The counterfeit cranes, which had been assembled, branded and sold as Terex cranes, either painted white under the Terex brand or red with the Demag badge, were made from a mix of different parts, often not designed to work together. Additionally the counterfeits had poor weld quality, inferior steel structures, improperly fitted tracks and were missing many of the standard safety components. As well as posing a potential safety risk, the implications for the owner can be very serious.
“We are aware of three different ‘designs’ of the CC 2500-1 crane on the market, and there are at least nine or 10 fake cranes that have been sold, all originating from China,” said Klaus Meissner, director of product integrity for Terex Cranes. “This is a serious situation, and, not only because this infringes on our intellectual property but, more importantly, it poses a serious safety risk for our clients. The use of these inferior, counterfeit cranes can result in deadly consequences.”
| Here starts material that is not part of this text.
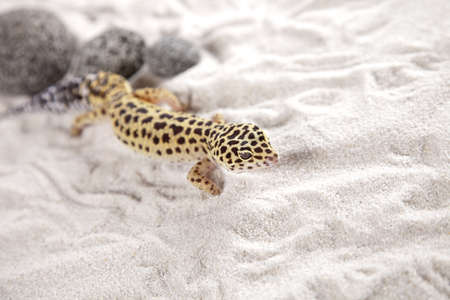 Gecko on sandの写真素材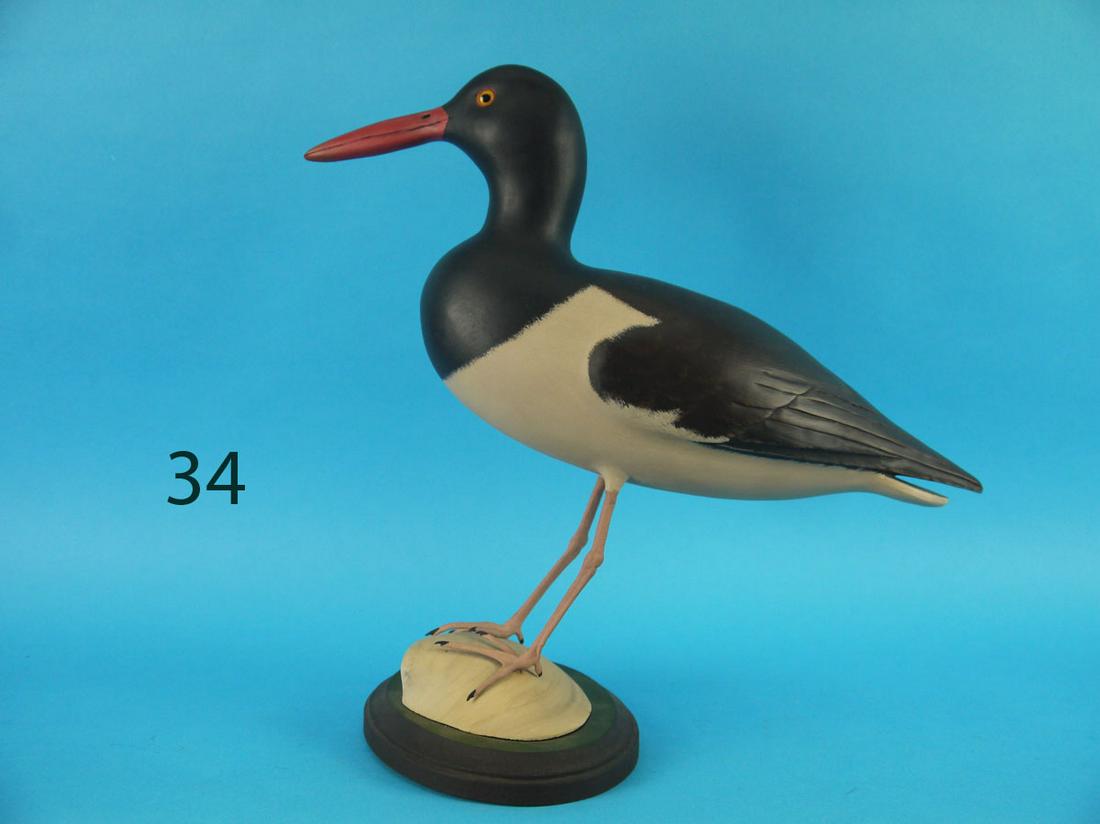 OYSTER CATCHER, G. COOKE (1 of 1)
This means that if it’s found to be counterfeit, either during a routine inspection, servicing or following an accident, the valuation may well plunge, the crane may not be able to be used and with finance still outstanding and needing to be paid, it could potentially put the owner out of business.
Although, in the event of an insurance claim, liability may not be an issue if the owner can show they bought it in good faith, the fact that a crane is counterfeit could have a serious impact on the value of the crane and hence the amount an insurer would pay. In addition, they would still be left with a crane that would either need to be scrapped or would require considerable investment to bring it up to standard.
To help firms reduce the risk of purchasing a counterfeit crane, Green recommends the following steps:
- Arrange a thorough inspection of the crane by a qualified engineer before purchasing.
- Ask the seller for the last inspection report.
- Check the provenance with the manufacturer.
- Remember – if it looks too good to be true, it probably is.